La motivation attendue d’un arrêt de la chambre de l’instruction – et c’est l’objet de notre deuxième remarque – en matière de détention provisoire, et plus spécialement sa durée, doit être suffisante, du moins suffisamment précise. À la suite de nombreuses condamnations par la Cour européenne des droits de l’homme pour durée déraisonnable du maintien en détention de l’accusé en raison de délais d’audiencement trop longs devant la cour d’assises (CEDH 5 oct. 2004, n° 49451/99, Blondet c. France, AJ pénal 2004. 450, obs. J. Coste ; 26 janv. 2012, n° 29119/09, Esparza Luri c. France, Dalloz actualité, 14 févr. 2012, obs. C. Girault ; 26 sept. 2013, n° 45077/10, Almandoz Erviti c. France, Dalloz jurisprudence), la Cour de cassation a renforcé son contrôle sur la motivation des juges du fond. Elle a d’abord exigé des juges du fond qu’ils démontrent que « les autorités compétentes avaient apporté une diligence particulière » (Crim. 2 sept. 2009, n° 09-83.950, Bull. crim. n° 148, Dalloz actualité, 29 sept. 2009, obs. M. Léna ; D. 2009. 2348, obs. M. Léna ; ibid. 2010. 2254, obs. J. Pradel ; AJ pénal 2009. 501, obs. J. Lasserre-Capdeville ; Dr. pén. nov. 2009, p. 40, note A. Maron et M. Haas), « adaptée aux circonstances » (Crim. 24 août 2016, n° 16-83.639, Dalloz jurisprudence), à défaut pour eux de voir leur décision censurée. Dans la foulée, elle précisait aux magistrats de la chambre de l’instruction de caractériser « les diligences particulières ou les circonstances insurmontables qui auraient pu expliquer, au regard des exigences conventionnelles ci-dessus rappelées [l’article 6, § 1, de la Convention], la durée de la détention provisoire » (Crim. 17 juin 2015, n° 15-82.206, Bull. crim. n° 154 ; Dalloz actualité, 20 juill. 2015, obs. C. Benelli-de Bénazé D. 2015. 1443 ; AJ pénal 2016. 39, obs. G. Pitti ; Gaz. Pal., nov. 2015, nos 305-307. 40, chron. F. Fourment ; 29 mars 2017, n° 17-80.642, Dalloz actualité, 24 avr. 2017, obs. D. Goetz ; AJ pénal 2017. 291, obs. D. Aubert ; RSC 2017. 344, obs. F. Cordier ; Dr. pén. mai 2017, comm. 79, note A. Maron et M. Haas).

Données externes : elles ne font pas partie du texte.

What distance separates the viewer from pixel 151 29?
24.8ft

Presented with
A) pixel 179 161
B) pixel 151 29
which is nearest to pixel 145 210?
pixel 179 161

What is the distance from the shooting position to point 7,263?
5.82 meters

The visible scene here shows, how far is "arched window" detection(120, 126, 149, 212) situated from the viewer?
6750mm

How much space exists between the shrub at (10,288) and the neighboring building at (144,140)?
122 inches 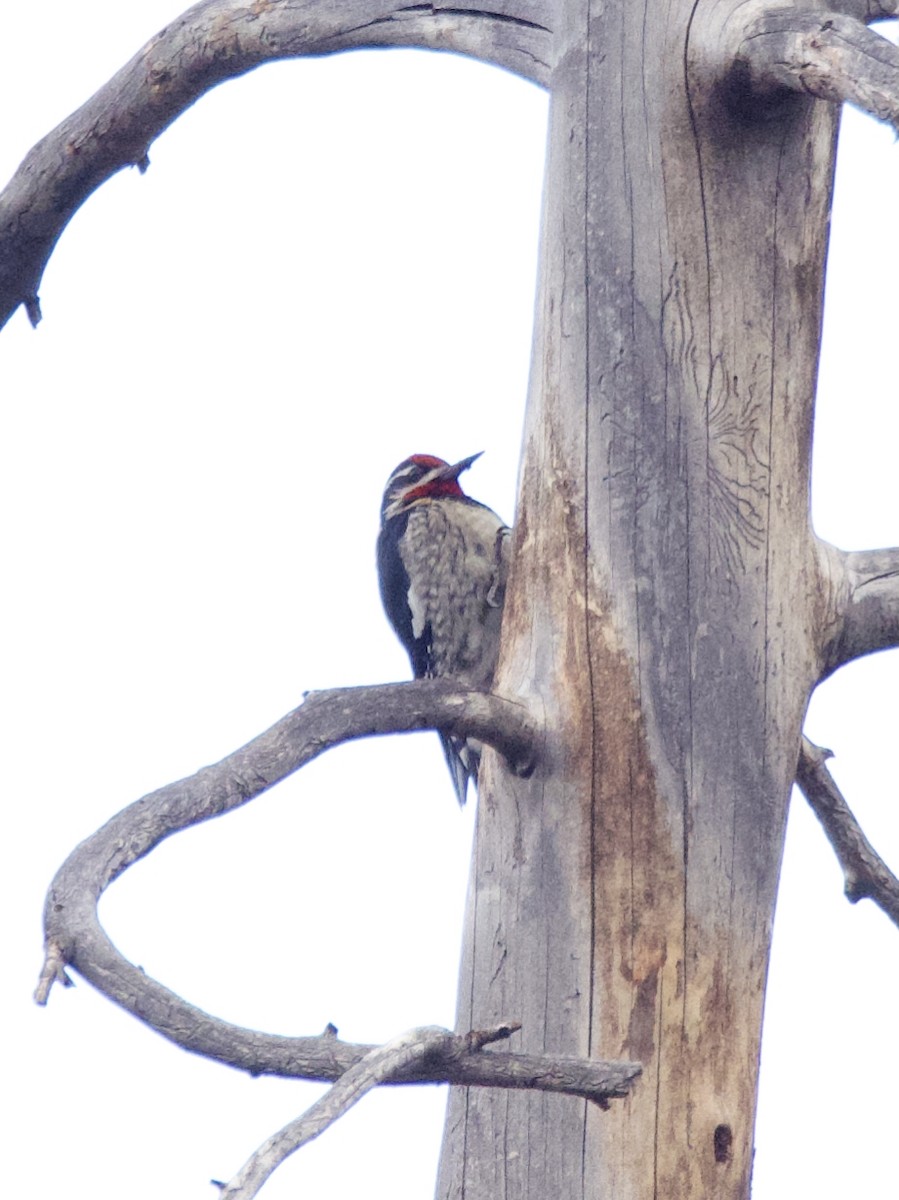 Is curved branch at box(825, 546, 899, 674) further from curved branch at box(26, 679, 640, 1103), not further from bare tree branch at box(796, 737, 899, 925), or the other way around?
curved branch at box(26, 679, 640, 1103)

En l’espèce, l’arrêt de la cour d’appel s’était contenté de motiver le caractère raisonnable de la durée de la détention provisoire par la complexité de l’affaire et des investigations menées, ainsi que par la mise en perspective de la durée de la détention provisoire par rapport à l’importance de la peine encourue. Ces motifs, pourtant conformes aux prescriptions de l’article 144-1 du code de procédure pénale qui détermine la durée raisonnable de la détention provisoire « au regard de la gravité des faits reprochés à la personne mise en examen et de la complexité des investigations nécessaires à la manifestation de la vérité », ont pourtant été jugés insuffisants par les hauts magistrats. L’article 6, § 1, de la Convention européenne, combiné à l’article 593 du code de procédure pénale, exigent davantage. Il en va de la bonne administration de la justice, mais aussi du renforcement du caractère exceptionnel de la détention provisoire souhaité par le législateur. Partant, la Cour de cassation poursuit l’œuvre législative, quitte à se montrer davantage pointilleuse sur la question (sur l’apport de la motivation du juge pénal sur la norme pénale, v. M.-H. Yazici, La motivation : enjeux juridiques et de pouvoir pour le juge pénal, thèse, Université Paris I, soutenue le 29 sept. 2016).